### [Records provided]
★ ★ ★ ★ ★
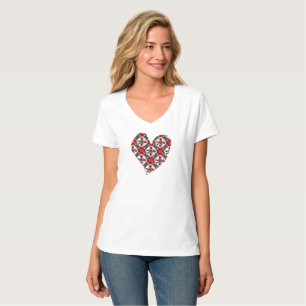 Camiseta Coração de Jokers Imperfeitos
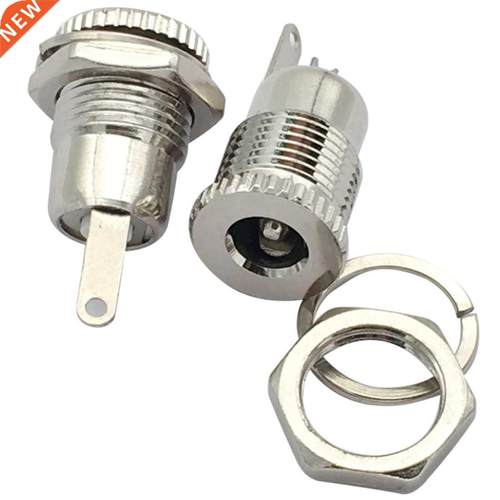 5.5 mm x 2.1mm DC Power Jack Socket Female Panel Mount Conne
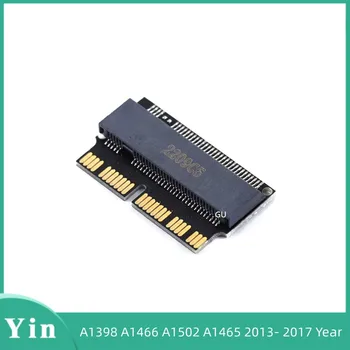 Venta A1398 A1466 A1502 A1465 2013 - 2017 Año SSD Para el MacBook Air Pro Unidad de Estado Sólido de Conversión de la Tarjeta de PCIE3.0 Adaptador de M. 2 NVME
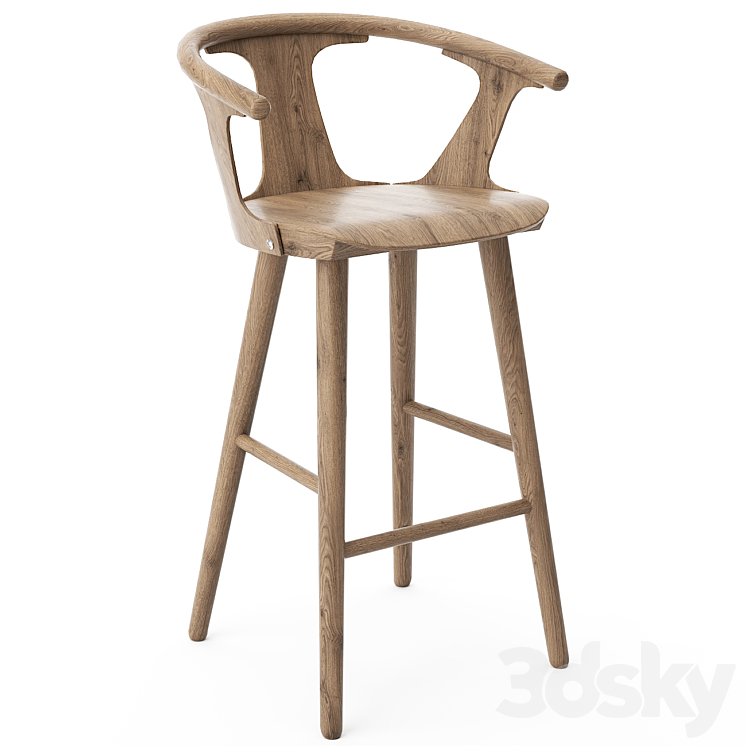 In Between SK9 Barstool 3DS Max Model - thumbnail 1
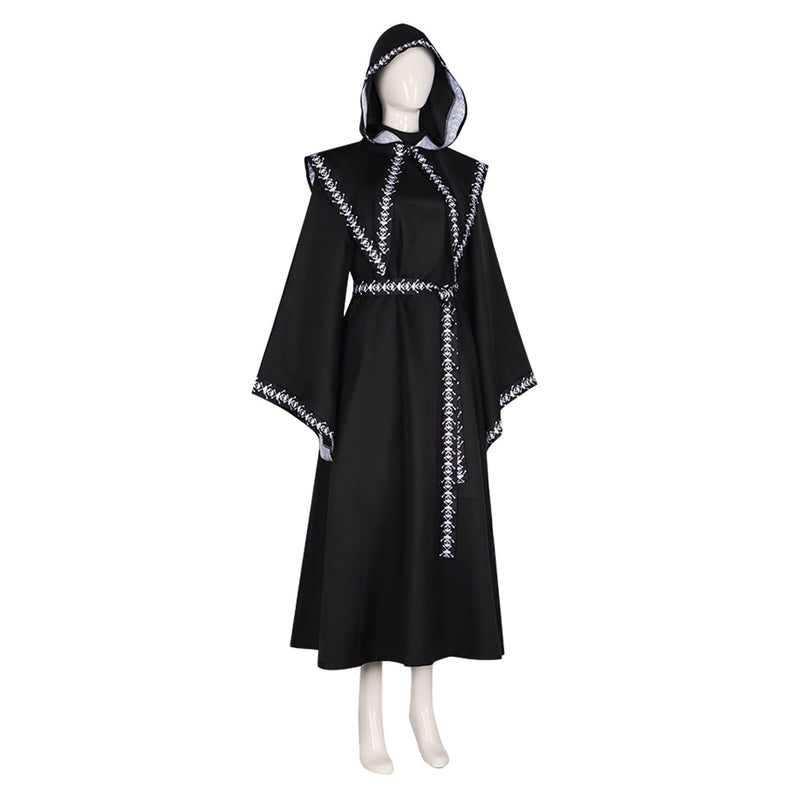 Medieval Retro Priest Cosplay Costume Outfits Halloween Carnival Party Disguise Suit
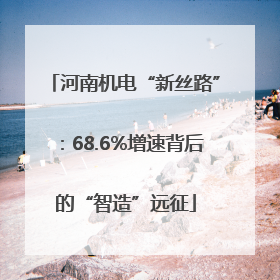 河南机电“新丝路”：68.6%增速背后的“智造”远征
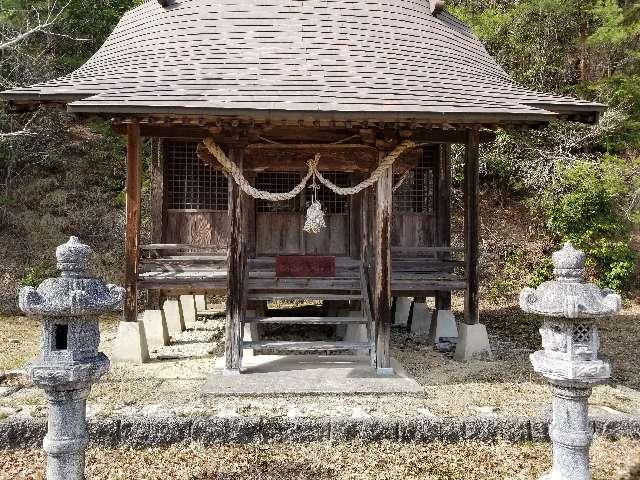 広島県安芸高田市八千代町土師1150 高杉神社(円通山神社 境内社)の写真1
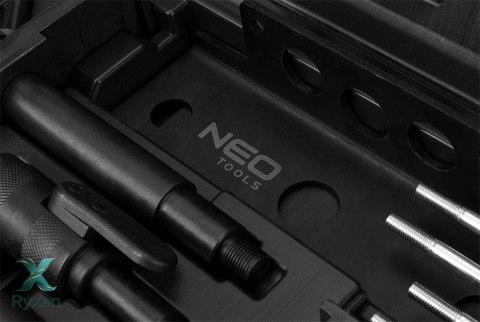 Zestaw do montażu wałków rozrządu silników benzynowych Volvo NEO TOOLS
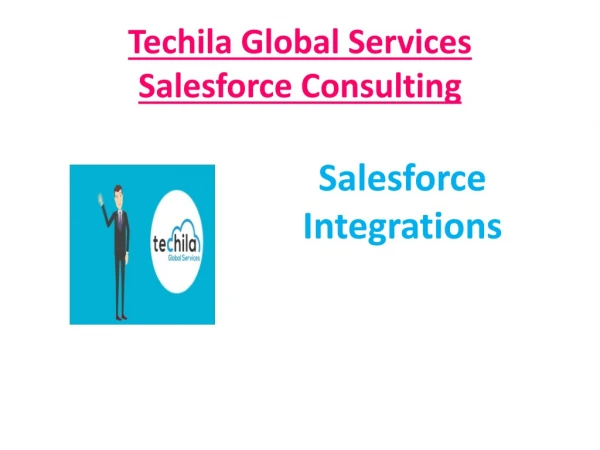 Techila Global Services Salesforce Consulting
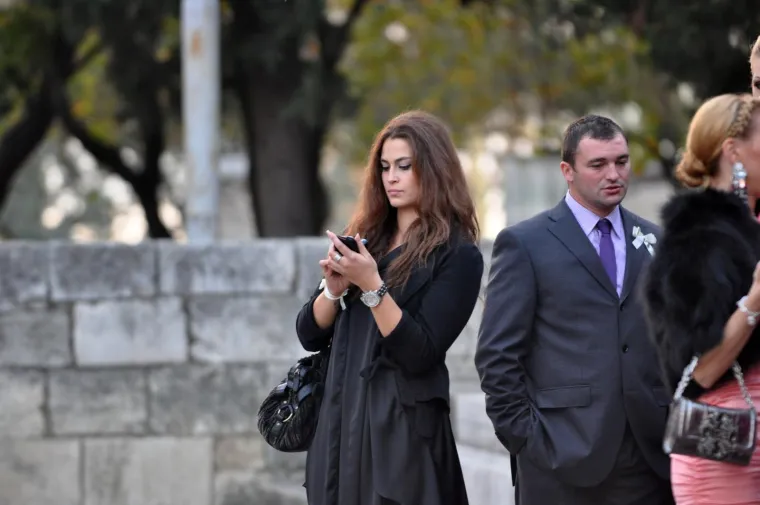 Bivši IT par: Ovako je izgledalo glamurozno vjenčanje Ivane Paris i Dina Bubičića prije 15 godina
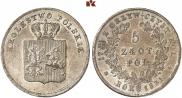 5 złotych 1831 year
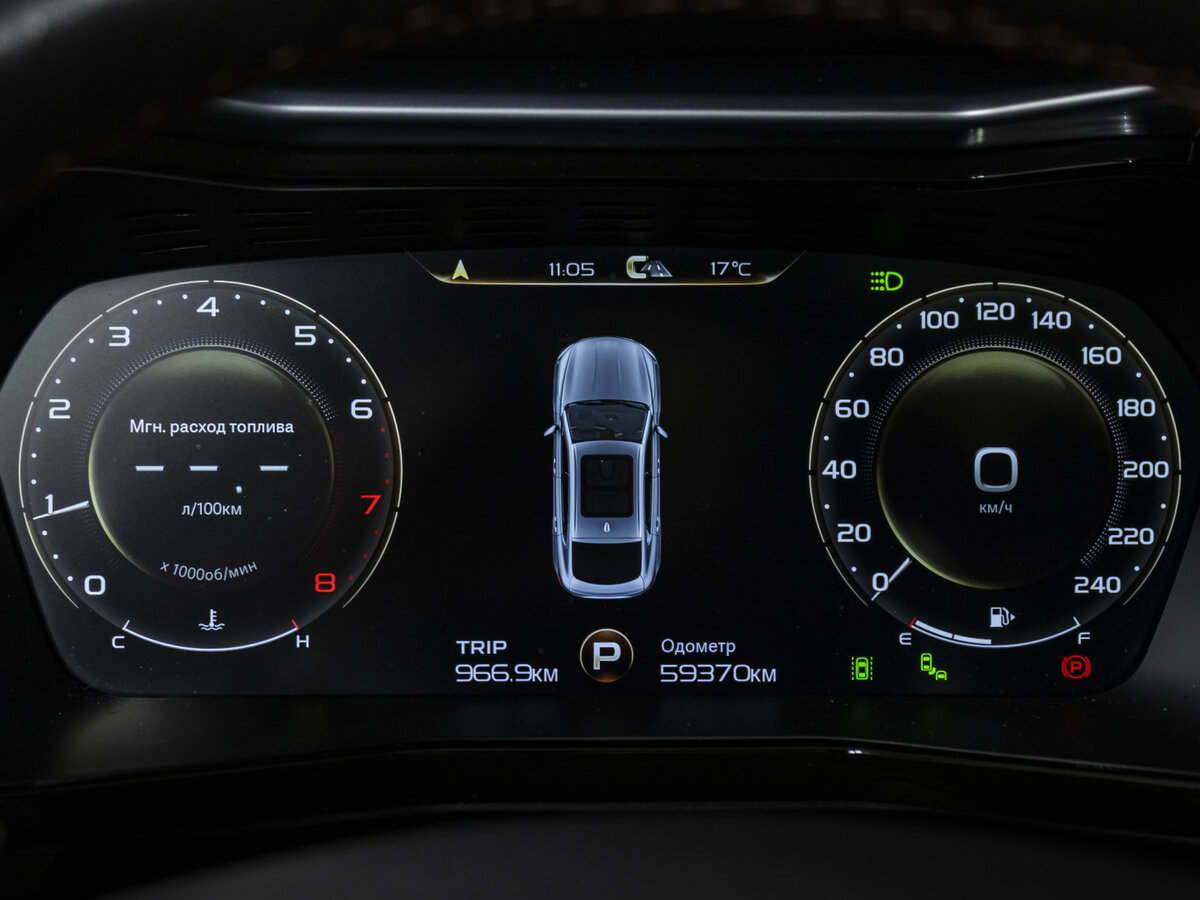 Geely Tugella 2023 года с пробегом. Фото: #8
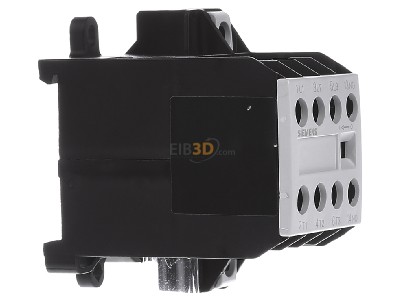 View on the left Siemens 3TG1010-0BB4 Magnet contactor 8,4A 24VDC 

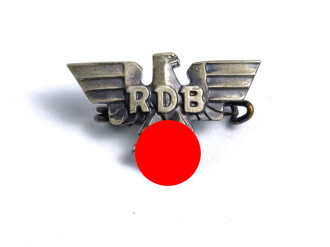 Mirgliedsabzeichen Reichsbund Deutscher Beamten ( RDB ),...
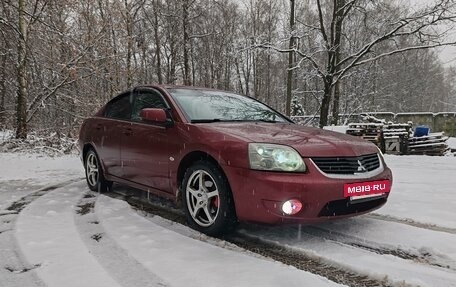 Mitsubishi Galant IX, 2007 год, 700 000 рублей, 3 фотография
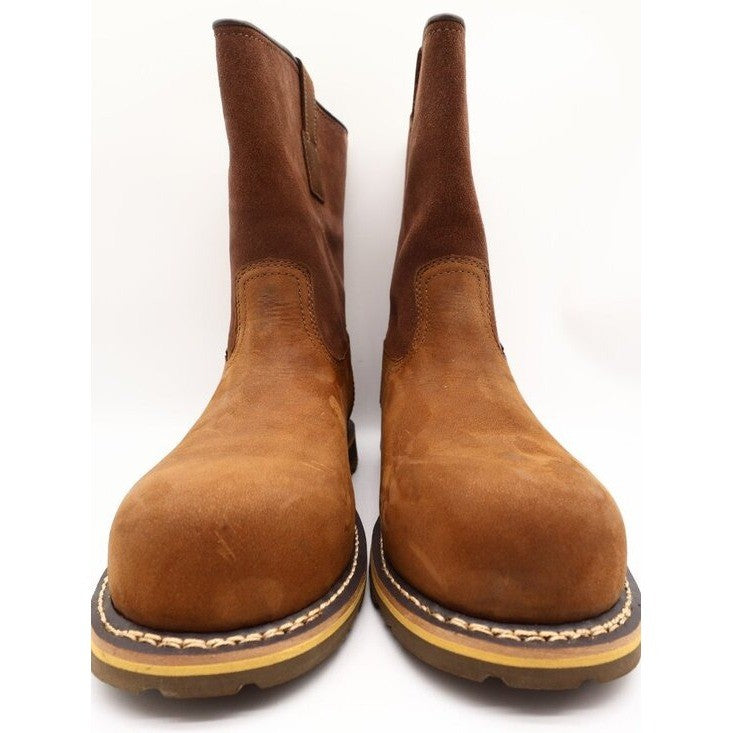 Carhartt Pull-On Boots Mens 11M Brown Nano Composite Toe CMP1453 NIB - take2supply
★ ★ ★ ★ ★
### [Task item]
Return the listing above word for word. Keep the images out.

### [Answer section]
 Camiseta Coração de Jokers Imperfeitos
 5.5 mm x 2.1mm DC Power Jack Socket Female Panel Mount Conne
 Venta A1398 A1466 A1502 A1465 2013 - 2017 Año SSD Para el MacBook Air Pro Unidad de Estado Sólido de Conversión de la Tarjeta de PCIE3.0 Adaptador de M. 2 NVME
 In Between SK9 Barstool 3DS Max Model - thumbnail 1
 Medieval Retro Priest Cosplay Costume Outfits Halloween Carnival Party Disguise Suit
 河南机电“新丝路”：68.6%增速背后的“智造”远征
 広島県安芸高田市八千代町土師1150 高杉神社(円通山神社 境内社)の写真1
 Zestaw do montażu wałków rozrządu silników benzynowych Volvo NEO TOOLS
 Techila Global Services Salesforce Consulting
 Bivši IT par: Ovako je izgledalo glamurozno vjenčanje Ivane Paris i Dina Bubičića prije 15 godina
 5 złotych 1831 year
 Geely Tugella 2023 года с пробегом. Фото: #8
 View on the left Siemens 3TG1010-0BB4 Magnet contactor 8,4A 24VDC 

 Mirgliedsabzeichen Reichsbund Deutscher Beamten ( RDB ),...
 Mitsubishi Galant IX, 2007 год, 700 000 рублей, 3 фотография
 Carhartt Pull-On Boots Mens 11M Brown Nano Composite Toe CMP1453 NIB - take2supply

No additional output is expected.